With respect to the environment, the declaration urges the government to develop a national mining map that clearly delineates where mining is allowed and where it is banned. “Mining should be allowed only in areas that are suitable as to permeability foundations, right groundwater, and stable geomorphic environment. It should be banned in areas where damage to the environment is irreparable and irreversible such as in small island ecosystems with steep slopes and heavy rainfall patterns, in the typhoon belt and acid mine drainage areas. “
In areas where mining is allowed, all mining companies, small, medium or large must be required to install and operate adequate mitigating mechanisms to reduce the damage to the ecological balance and essential biodiversity and to contain contamination of the air and water by toxic wastes and injury to plant and animal life.
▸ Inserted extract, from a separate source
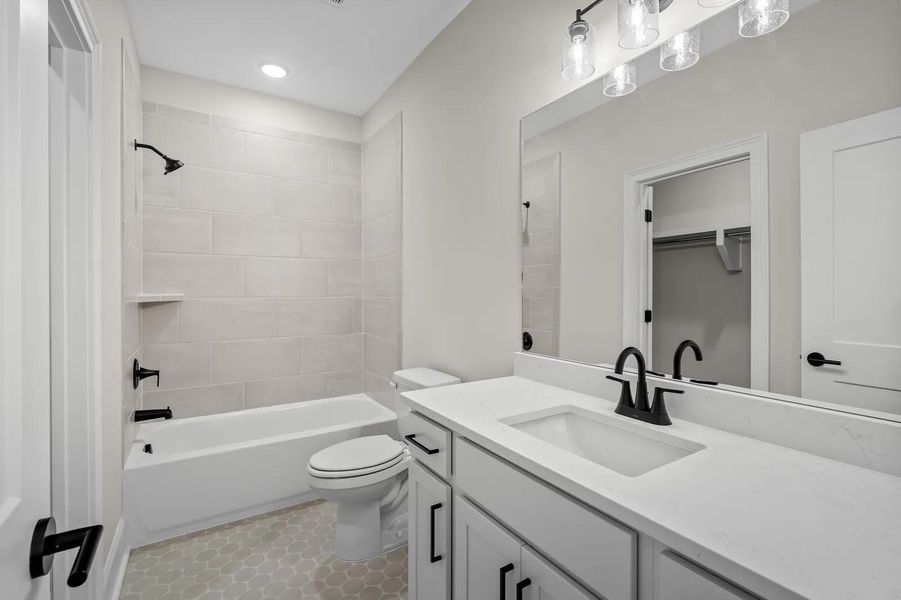 Wilshire A Bathroom 2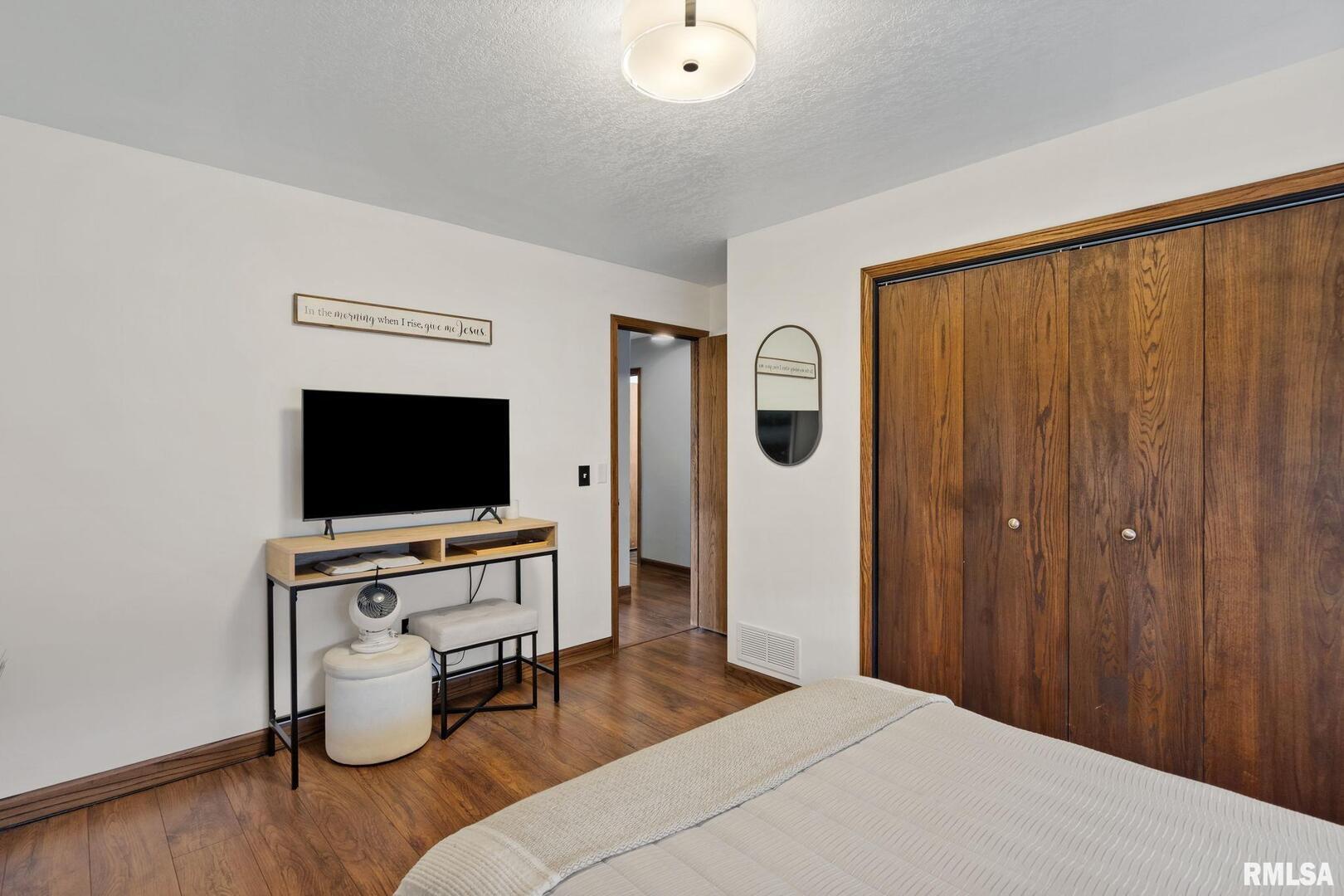 4255 APPLE VALLEY Drive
After the minerals are extracted, all mining companies, small, medium and large, must be required to restore and rehabilitate the environment, if not to its original state, at least to an acceptably safe and sound level.
The declaration urges the mitigation of the impact of mining on loal and indigenous peoples and heir cultures through adequate resettlement and other mandatory compensation schemes.
It cites that the benefits must primarily redound to the country, not just to foreign interests, taxes due to the government must be paid honestly by mining companies, and that the State should receive a fair pre-tax share representing its ownership of the national patrimony.